Gli zombie che divorano il mondo: un’aspra critica alle ipocrisie della società odierna – RECENSIONE

Pubblicato il 1 Dicembre 2015 alle 15:15

Scritto da Jerry Frissen (Lucha Libre) e disegnato da Guy Davis (Sandman Mystery Theatre) Gli Zombie che Divorano il Mondo è una serie a fumetti francese che dal 2004 viene sulla rivista Métal Hurlant di Les Humanoïdes Associés.  Saldapress ha scommesso sulle tematiche parodistiche e provocatorie del fumetto, portandolo in Italia per ampliare la già ricca collana Zetacomezombie.

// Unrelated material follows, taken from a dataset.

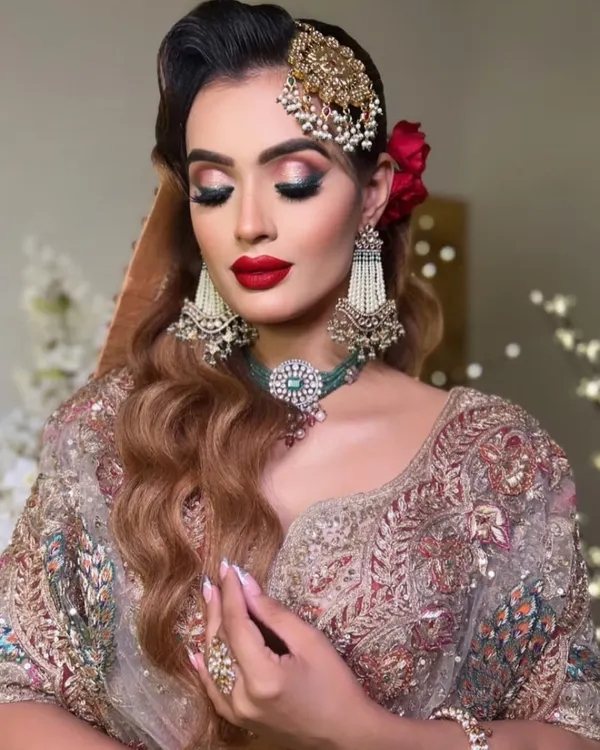 A glamorous Nikkah look featuring bold red lips and dramatic eyes. The side-swept Hollywood waves and a statement passa complete this advanced bridal makeup style.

George Romero l’ha definita “straordinaria”. Mike Mignola “affascinante in modo bizzarro”. Bisognerà pur potersi fidare di qualcuno al giorno d’oggi, no?

Gli Zombie che Divorano il Mondo è una serie molto più impegnata di quanto le sue atmosfere scanzonate lascino intendere. Come accade nelle migliori parodie/commedie-trash che siamo abituati a vedere al cinema (The Interview con James Franco è straconsigliato se volete un film serio mascherato da buffonata piena di battute dementi) la serie di Frissen e Davis riesce a trasmettere un messaggio forte camuffandolo di mero non-sense.

Come una persona che decide di aver cambiato stile di vita grazie ad una visione avuta dopo aver ingerito un fungo allucinogeno, Gli Zombie che Divorano il Mondo è capace di essere tremendamente chiara e misticamente convincente.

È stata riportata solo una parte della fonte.